Drawing birds into drives – and keeping them there
Getting your birds into the drives - and keeping them there - requires a strategy, advises Liam Bell
We shoot a few boundary days in October, but to me, October is more about getting ready for the shooting season proper — when the weather is cold and the leaves are off the trees — than it is about serious shooting.
Strange though it may seem, one of the hardest things to do when the weather is warm and there is plenty of food about is to actually get the birds in the drives. Dogging-in when they go the wrong way will help, but ours don’t generally pull in properly until the trees shed their leaves and the birds start to get hungry.
Pheasants would sooner be out in the open
Leaves keep a wood dark, and early in the season, pheasants would sooner be out in the open where there is plenty of light and they can see what they are doing, than in a dark uninviting wood. Light is rarely an issue in gamecrops though, which is why they are so good for early season shooting, but they do still need to be managed if you want to get the best out of them.
You don’t need to do a lot to maize crops. We swipe rides in the bigger blocks to break them up a bit and to help get the birds in, but don’t bother when the patches are only an acre or so. They will push in from the sides, especially if the crop is against an arable field and unfenced, but generally they prefer to follow rides. As well as helping to get the birds into the drives, rides give us somewhere to put our hoppers, somewhere for us to trail feed and somewhere for the birds to dry off if it has been raining.
Rides in kale crops are even more important. The plants on the edges of a kale crop have leaves down to the ground, which will present a seemingly impenetrable wall to the birds. They will simply walk past it. If there is a ride coming in from the edge of the crop it makes it easier for them to find their way in, and once they are in, they’ll start to find the drinkers and the feeders.
We swipe cross rides in the maize so the beaters can keep in touch with each other. It is difficult to keep a good line in maize, especially early on in the season when it is green and 8ft high. We also have rides at key points in the crops where we can wait and reline if we need to. This makes driving the bigger blocks much easier.
Birds notice the gap
It is quite interesting watching the birds as they are pushed over these cross rides. If one of the beaters is lagging behind, the birds notice the gap and try to go back on them; if anyone is too far ahead, they split and go out the sides instead of going forward (things not everyone appreciates when they are asked to keep in line!).

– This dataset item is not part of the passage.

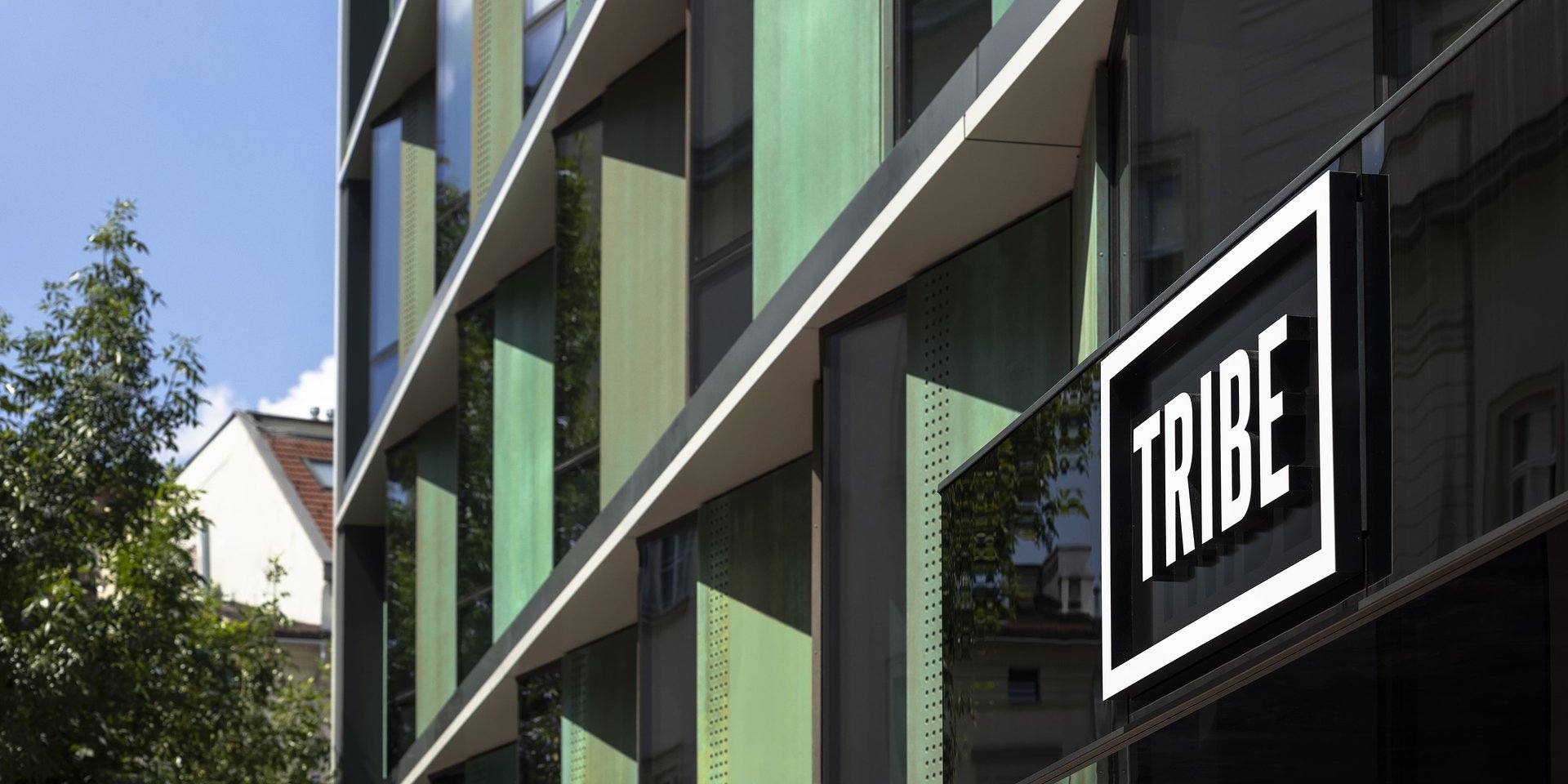 TRIBE łączy siły z ASP Wrocław i MIXD w projekcie edukacyjnym dla studentów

Though the birds need to be in the drives, there is no point in rushing them, which could be counterproductive and you may well end up with fewer birds there than if you had taken your time and moved them steadily over the course of a few weeks. As long as they are where you want them to be two to three weeks before you shoot, you’ll be okay as they’ll be settled down enough by then to want to come back after they’ve been driven out on a shoot day.
Feeding the drives
We try and feed the drives before the birds get to them, not lots of food or loads of hoppers, just the odd feeder here and there, a drinker or two and some wheat trailed where they can see it. Lots of times I’ve gone to a drive not really expecting any birds to be there and found a gang of poults pecking away at the feeder we’d put there just a few days before. If the feeder hadn’t been there to hold them up, there is every chance they’d have carried on going. Pheasants are fairly lazy, especially when they are not particularly hungry, so it pays to put the hoppers, wheat and drinkers where they can see them. If they turn up at a drive and see things they recognise (such as the feeders), there is more chance of them staying.
In early October, our birds are usually everywhere. Hanging round the pens, halfway to drives, in drives and even the other side of drives. We wait until the bulk of them have found the drives (and hopefully started feeding in them), reduce the amount of food we put round the pens, then stop feeding the release areas and the lead-in strips altogether. The remaining feeders are moved up into the drives and we do more trail feeding to compensate for the increase in the number of birds.
If some of them haven’t been as far as the drives when we move the feeders, it doesn’t really matter because they’ll follow the ones that have when they get hungry — a couple of days, and they’ll all be feeding in the same place.
Drink and drives
It’s all too easy to forget the importance of drinkers when you are concentrating on feeders and food. We have them in all our drives (though not many — maybe one for every 2-300 birds). They use them less as the weather gets wetter but do, nevertheless, still use them. They are nothing fancy, just 25-litre drums cut in half. Proper drinkers cost more, and are more likely to split if we get a good frost. It also takes longer to manage a drinker line properly (something we don’t always have the time to do).
Having an open trough-type drinker where the water can get dirty isn’t normally a problem for healthy adult birds that are out and about. It probably would be if they were penned (and therefore at higher densities), but we’ve never had a problem.